DÉCISION ADMINISTRATIVE DÉCONCENTRÉE AU PRÉFET
(décret n°97-34 du 15 janvier 1997; décret n°97-1206 du 19 décembre 1997; circulaire du 4 mars 1998)


Dérogation aux disposition relatives aux plafonds de montants de prêts pour allèger les charges de remboursement des prêts à annuités progressives des accédants en difficulté.

La circulaire du 4 mars 1998 rappelle :

d’une part que des prêts 1% peuvent être accordés pour le refinancement, total ou partiel, de PAP ou PC à annuités progressives (ou prêts complémentaires à ces prêts) dans les conditions suivantes :

                - PAP ou PC accordés avant le 31 janvier 1985 ;

                - emprunteurs bénéficiant de dispositifs d’aide aux accédants en difficulté (FAAD,
                  commission de surendettement, aides au maintien de l’allocation logement) ;

d’autre part, que les montants des prêts 1% accordés à ce titre peuvent, sur dérogation, dépasser les plafonds réglementaires (70 000, 90 000 et 110 000 F).

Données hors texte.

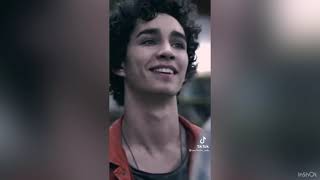 Famous 10 min of young Robert Sheehan edits ♡ Net Worth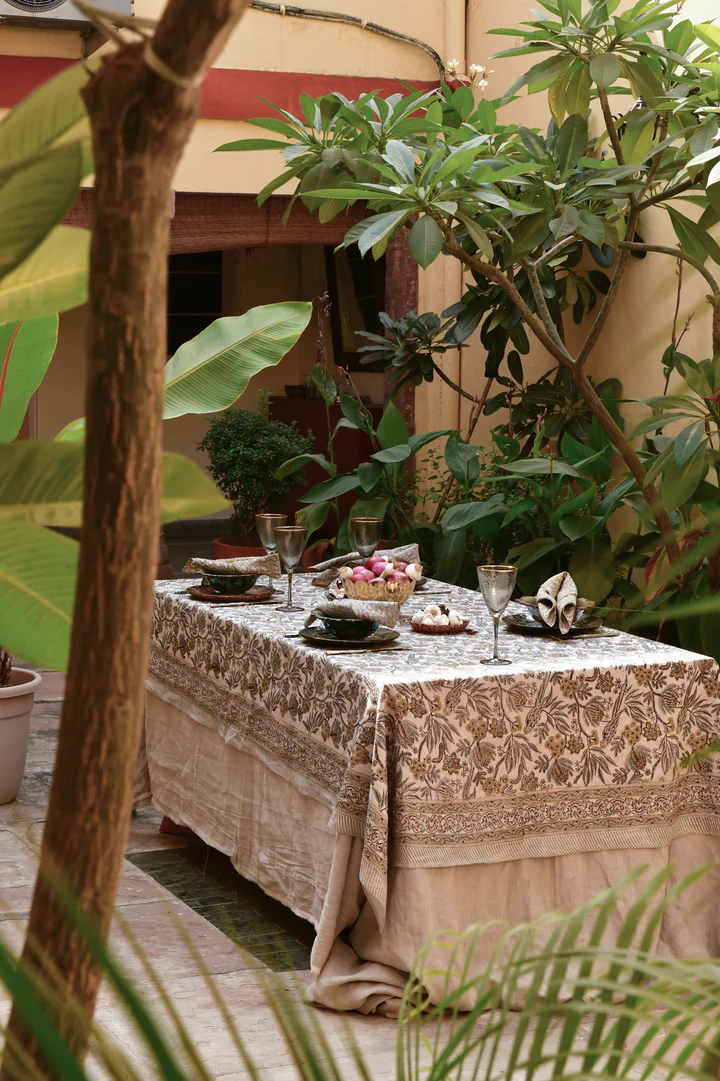 Duk Linne Parrot Blue Rund 220cm 1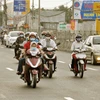 Người dân về Thành phố Hồ Chí Minh bằng xe máy tại nút giao thông Bình Chánh sau kỳ nghỉ Tết Nguyên đán. (Ảnh: Tuấn Anh/TTXVN phát)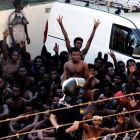 Unos 400 inmigrantes subsaharianos logran acceder a la ciudad española de Ceuta tras un salto masivo a la valla fronteriza que separa la ciudad de Marruecos.  /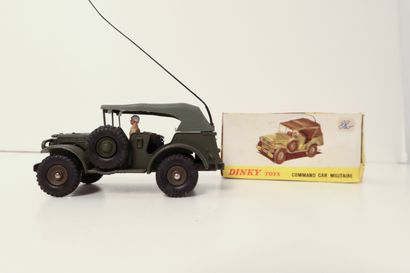 null DINKY TOYS 

Set of 3 military vehicles : 

- Military command car, ref. 810,...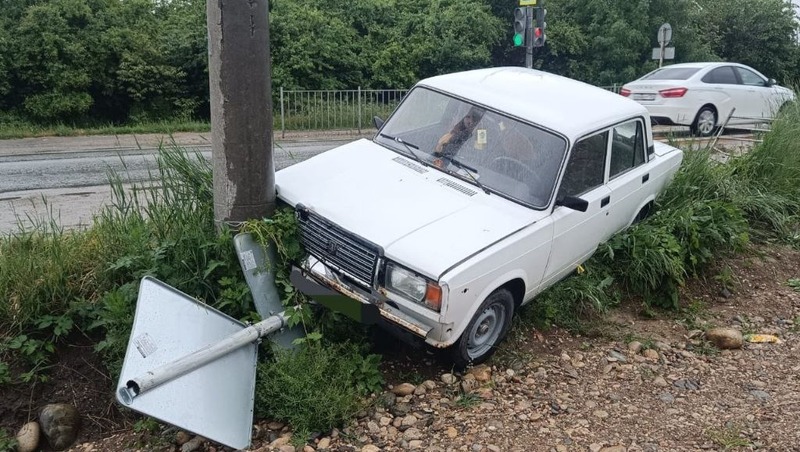 На Ставрополье водитель легковушки сбил школьницу, перебегавшую дорогу на красный свет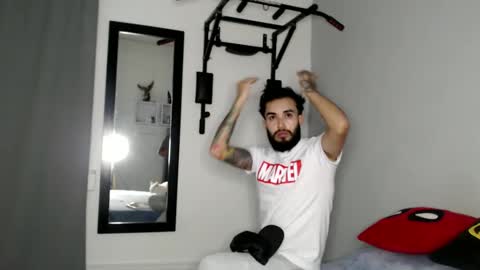 Snapshot of ftmen chatting on 02.25.25 Jestevan online show from 02.25.25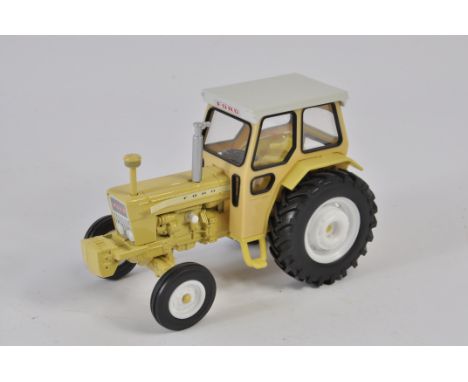 Britains 1/32 Ford 7000 Highway Tractor Concept Prototype. Produced as a colour trial sample in Yellow. The 7000 Highway Mode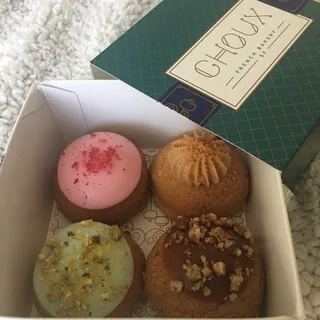 Box of 4 Cream Puffs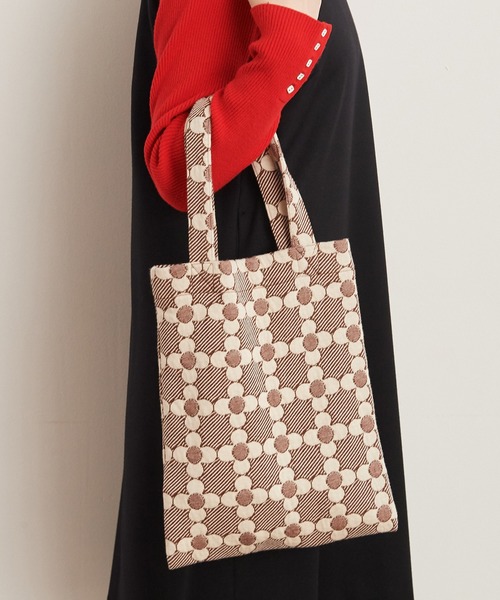 CHILD WOMAN（チャイルドウーマン）の「花柄キルトブリスタージャガード トートバッグ（トートバッグ・レディース・ブラウン/ブラック・FREE）」の3枚目の写真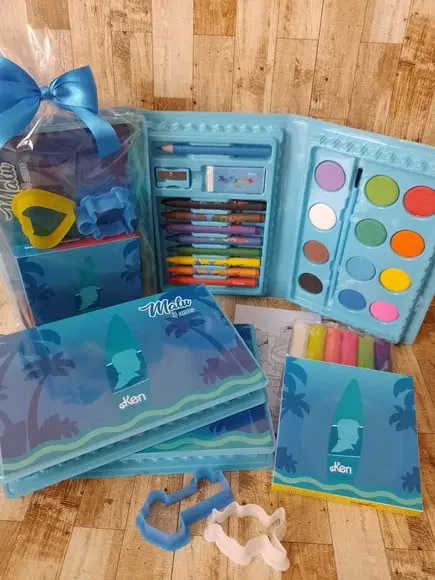 Kit Estojo de Colorir Embalado com Massinha Ken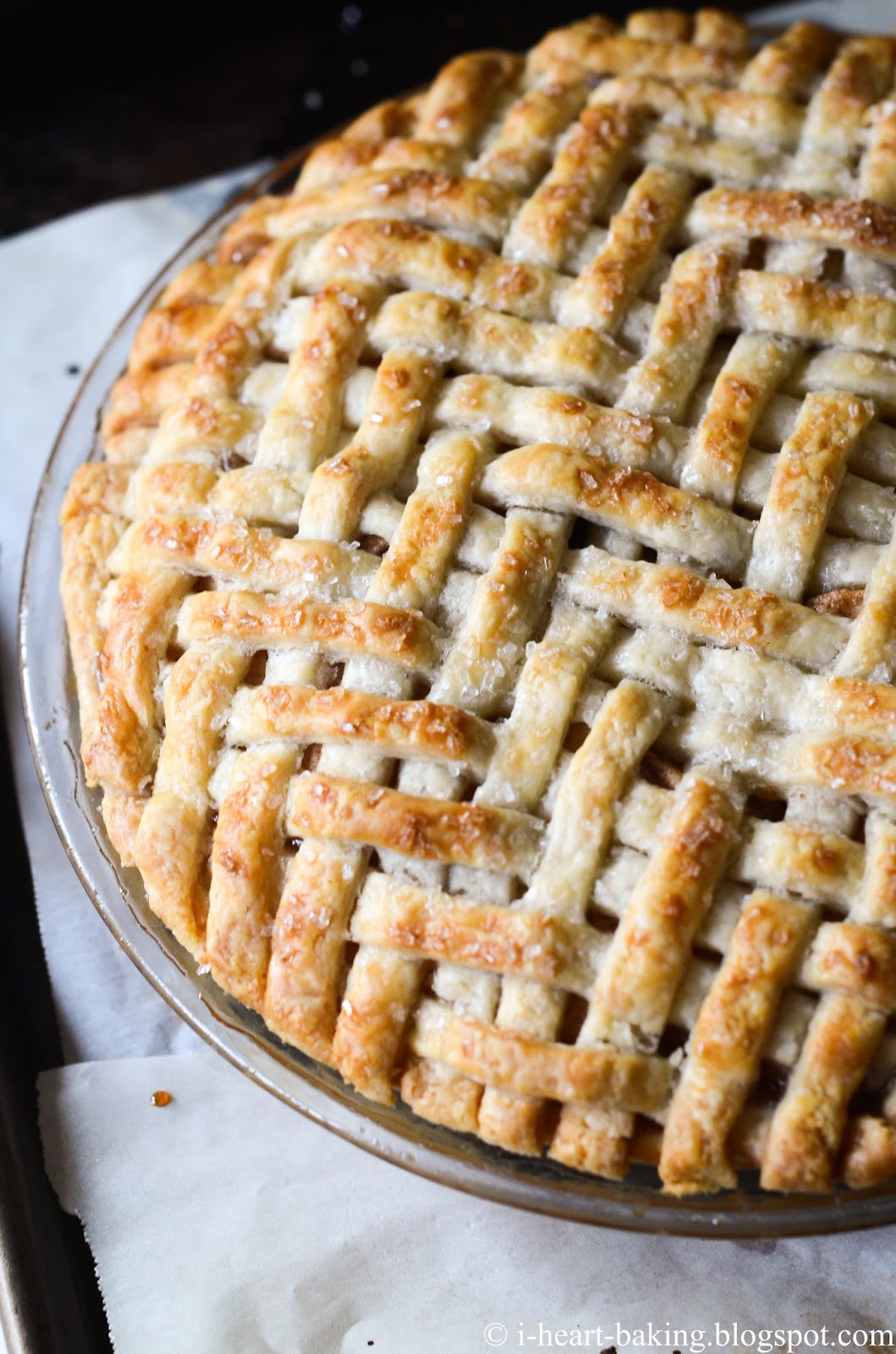 i heart baking! herringbone lattice apple pie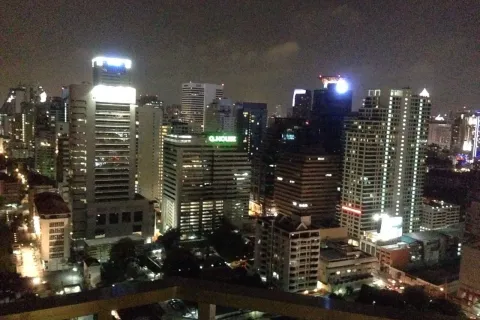 Кондоминиум с 2 спальнями в Хуай Кванге, Бангкок, Таиланд № 167791 - фото 3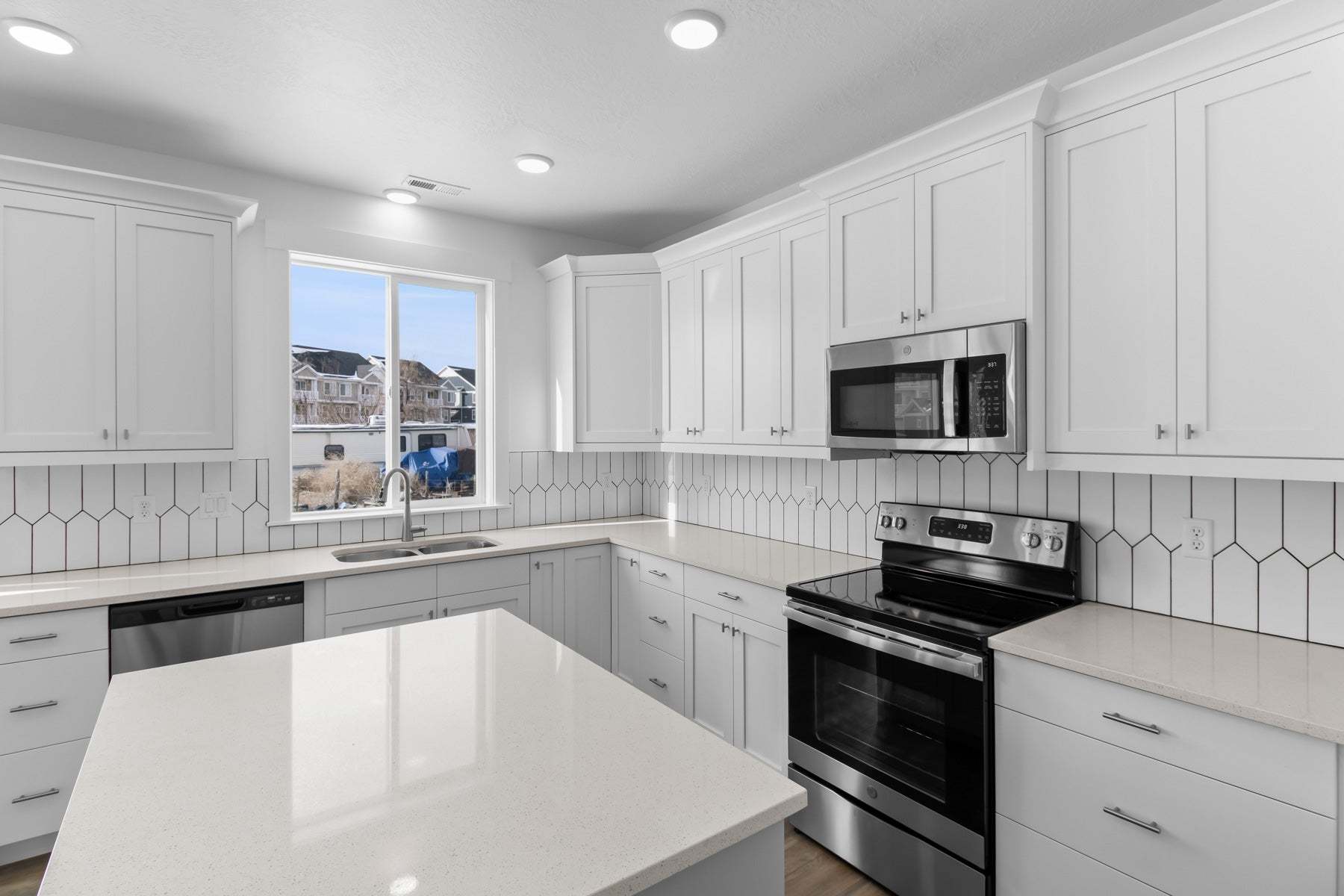 *Finished home photos are representational images only. See sales agent for details.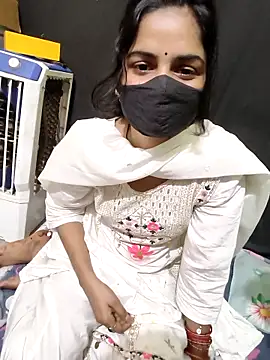 Snapshot of sexy_bhabhii chatting on 3, 5, 2026 sexy bhabhii online show from 3, 5, 2026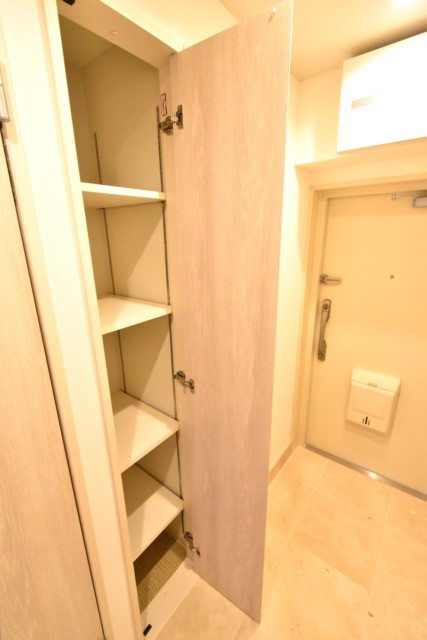 セブンスターマンション東山 玄関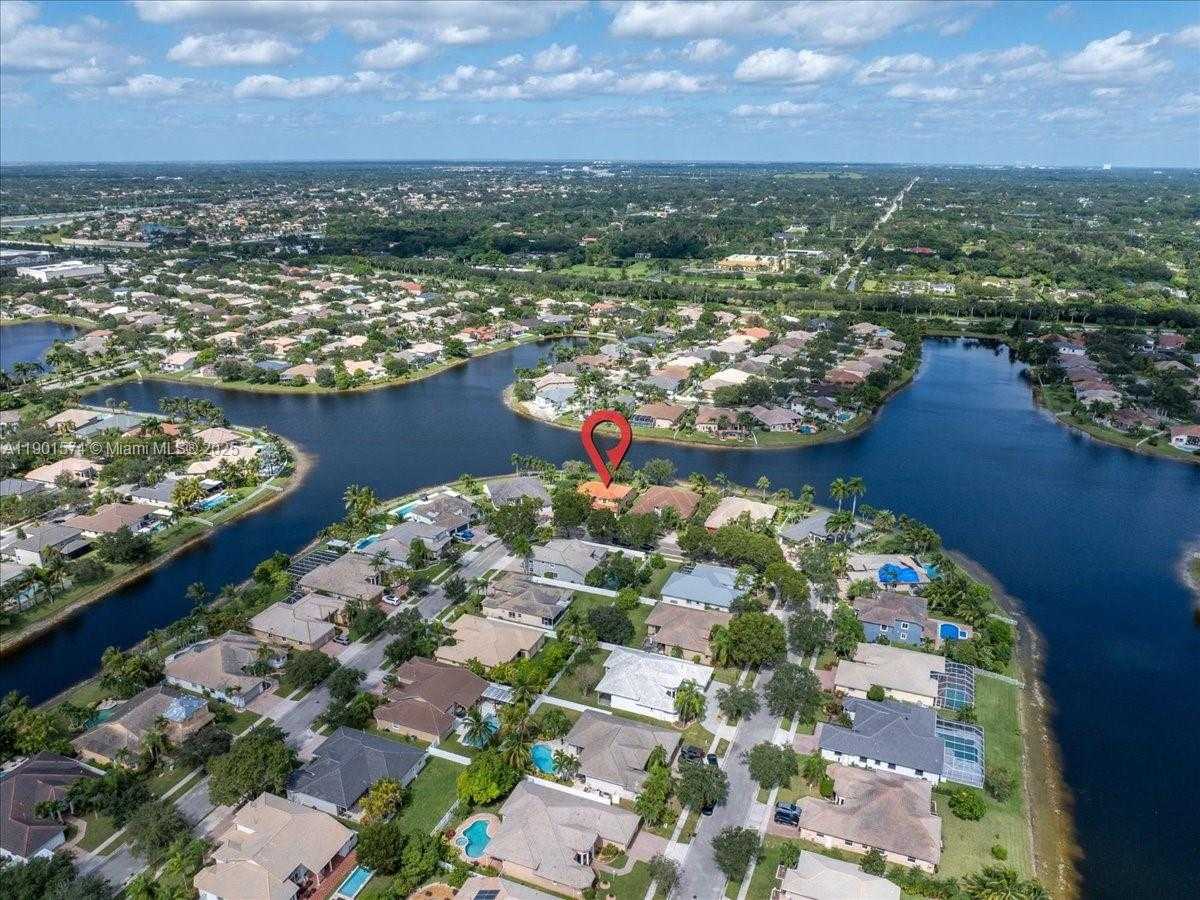 Small Image of 13931 NORTH WEST 19TH ST, Pembroke Pines Number 48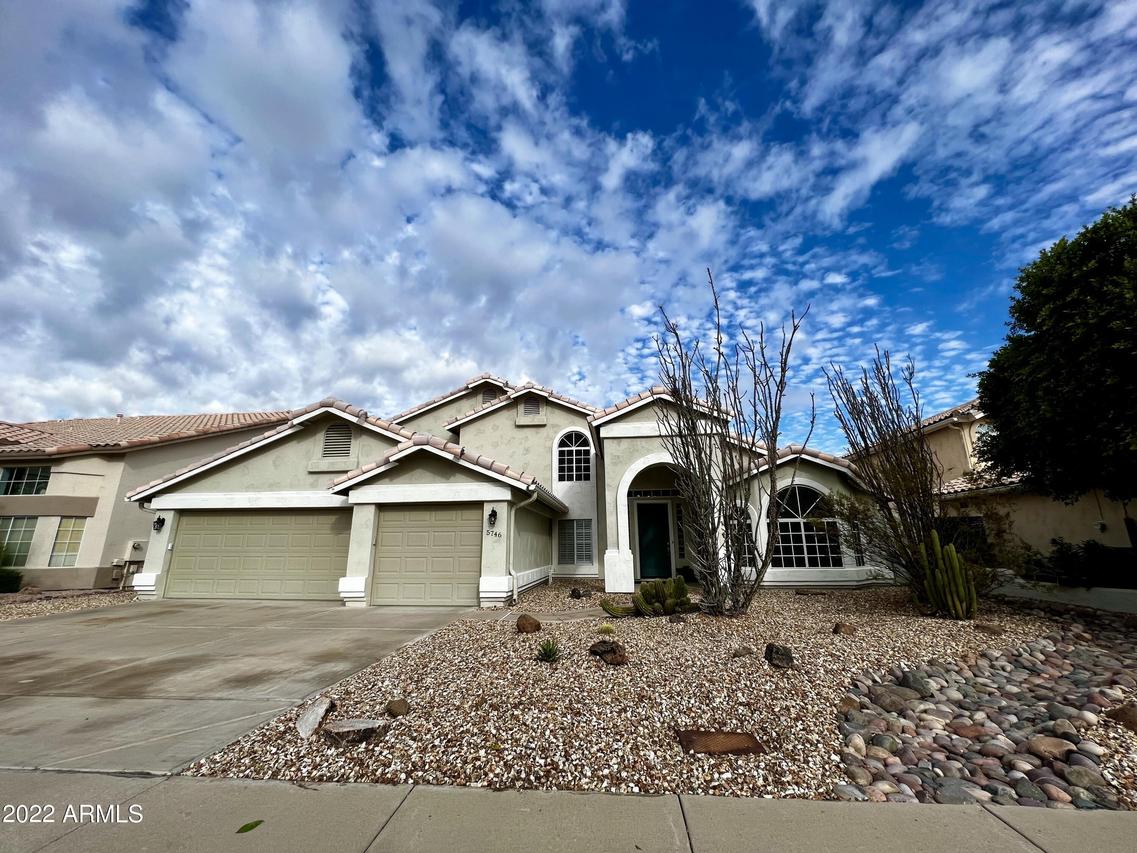 5746 W Mariposa Grande Ln., Glendale, AZ 85310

Remarque : En ce qui concerne les prêts accordés dans le cadre de la convention du 14 mai 1997, la circulaire soumet l’octroi des dérogations aux plafonds de montants de prêts à la double condition :

- de prêts initiaux à annuités progressives ;

- de personnes dont le dossier a été accepté par la commission de surendettement de la Banque de France.

Il en résulte notamment que les montants de prêts accordés par les CIL à des salariés ou demandeurs d’emploi en situation de déséquilibre financier par suite d’un événement personel (charges de logement passant à plus de 40 % des ressources disponibles), mais dont le dossier n’est pas en commission de surendettement, resteront limités aux plafonds réglementaires.


Cadre méthodologique dans lequel doit être instruite la demande :

  • Caractère finançable de l’opération au regard de la réglementation 1% ;

  • Capacité d’intervention du financeur (CIL, CCI, collecteur constructeur, entreprise dans le cadre d’un investissement direct) ;

  • Qualité du bénéficiaire des fonds réalisant l’opération ;

  • Compatibilité du mode de financement (prêt, subvention, souscription de titres) avec la nature de l’opération, le financeur et le bénéficiaire.